Let $A$ be some index set. Suppose for each $\alpha \in A$, we have a measurable subset $E_{\alpha} \subset \mathbb{R}^d$ such that:

1) $|E_\alpha| > 0$

2) If $\alpha \neq \beta$ then $E_{\alpha} \cap E_{\beta} = \emptyset$.

We want to conclude that $A$ is at most countable. Suppose for the sake of contradiction that $A$ is uncountable. Split $\mathbb{R}^d$ up into cubes of side length one and with vertices on the integer lattice $\mathbb{Z}^d$. By the pigeon hole principle, there's a cube $Q$ such that uncountably many $E_{\alpha}$ meet $Q$ in a set of positive measure. Wlog, we'll assume that $Q = [0,1] \times ... \times [0,1]$.

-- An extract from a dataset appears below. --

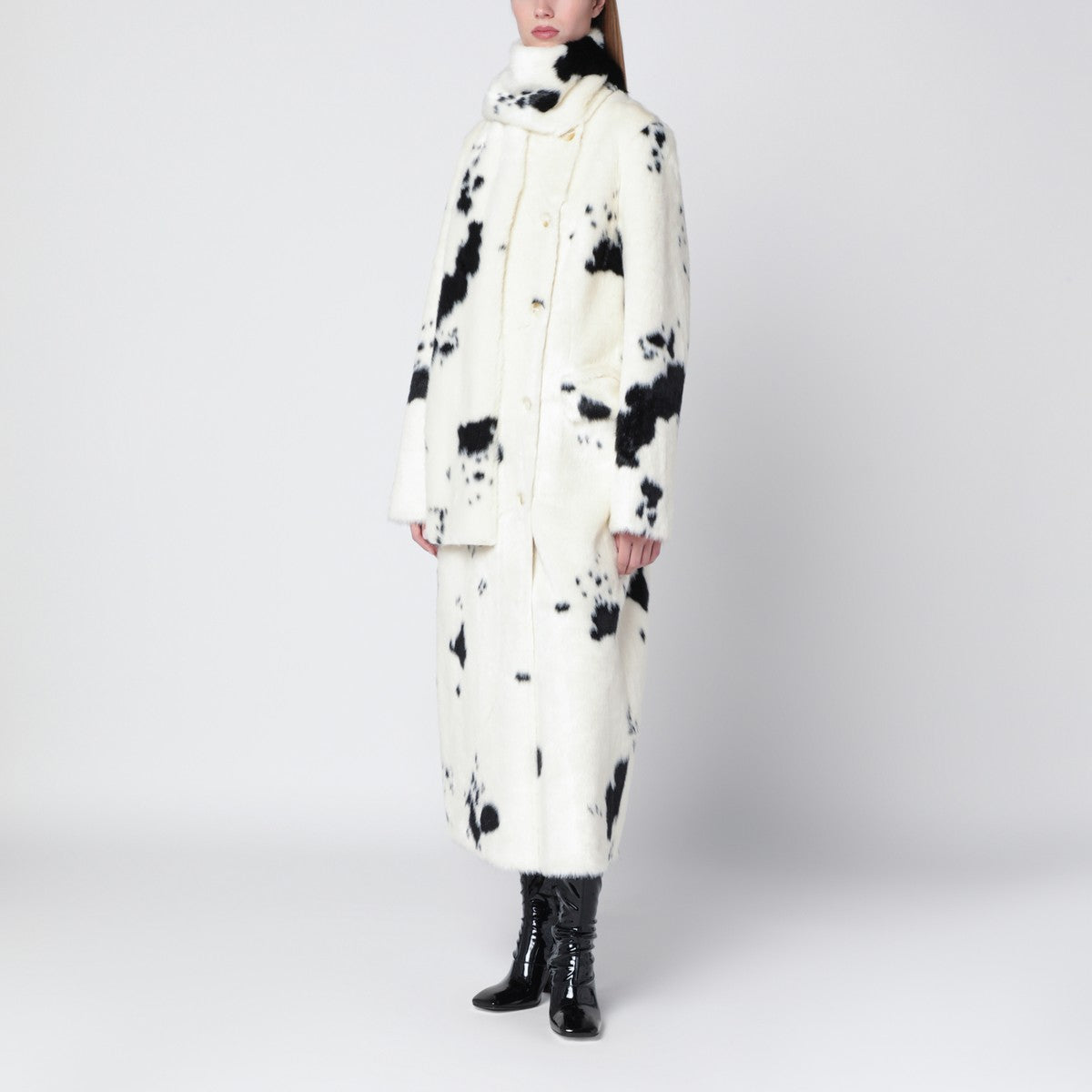 STAND STUDIO Double-breasted faux-fur coat with cow pattern Stand Studio 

Now, $1 = |Q| \ge \sup_{A'\subset A: A' countable} \sum_{\alpha \in A'} |Q \cap E_{\alpha}|$

where we use monotonicity of the measure, countable additivity, and the assumption that the sets are pairwise disjoint to obtain the last inequality. What can you say about the last term?

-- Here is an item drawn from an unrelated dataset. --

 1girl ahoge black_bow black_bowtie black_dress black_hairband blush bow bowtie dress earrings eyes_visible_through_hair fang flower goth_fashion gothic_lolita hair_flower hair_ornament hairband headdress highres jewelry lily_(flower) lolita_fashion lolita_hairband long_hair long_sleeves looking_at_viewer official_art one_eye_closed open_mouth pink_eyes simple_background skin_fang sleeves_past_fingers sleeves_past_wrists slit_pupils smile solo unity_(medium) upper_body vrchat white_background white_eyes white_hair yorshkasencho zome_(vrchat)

I'll add some clarity on two points. First, the pigeon hole portion of the argument is kind of the crux of the whole issue. By refining each $E_{\alpha}$, we may assume that, for any cube $Q$ as above, either $E_{\alpha}\cap Q = \emptyset$ or $|E_{\alpha} \cap Q| >0$. Since every $E_{\alpha}$ had positive measure, its intersection with at least one cube has positive measure, hence we have as many sets as we started with.

Let $\mathcal{Q}$ be the collection of all cubes as above. Set $\mathcal{B} = \{ Q\cap E_{\alpha} : Q \in \mathcal{Q}, \alpha \in A, E_{\alpha} \cap Q \neq \emptyset\}$. Then the cardinality of $\mathcal{B}$ is at least as large as that of $A$. Write $\mathcal{B} = \bigcup_{Q \in \mathcal{Q}} \{E_{\alpha} \cap Q: |E_{\alpha} \cap Q| > 0\}$. If each $Q$ only meets countably many $E_{\alpha}$ in sets of positive measure, then $\{E_\alpha \cap Q: |E_{\alpha} \cap Q| > 0\}$ is countable, for every $Q \in \mathcal{Q}$. But $\mathcal{Q}$ is countable, so $\mathcal{B}$ is countable. So $A$ is at most countable, and we're assuming that it's not. So we must be able to find at least one cube $Q$ meeting uncountably many $E_{\alpha}$.

Now, following the above outline, you'll be done if you can show the following easy proposition:

let $I$ be a set and $x_i \ge 0$ be a real number for every $i \in I$.

If $\sup \{ \sum_{i \in I'} x_i: I' \subset I $ is countable $\}$ is finite then at most countably many $x_i \neq 0$.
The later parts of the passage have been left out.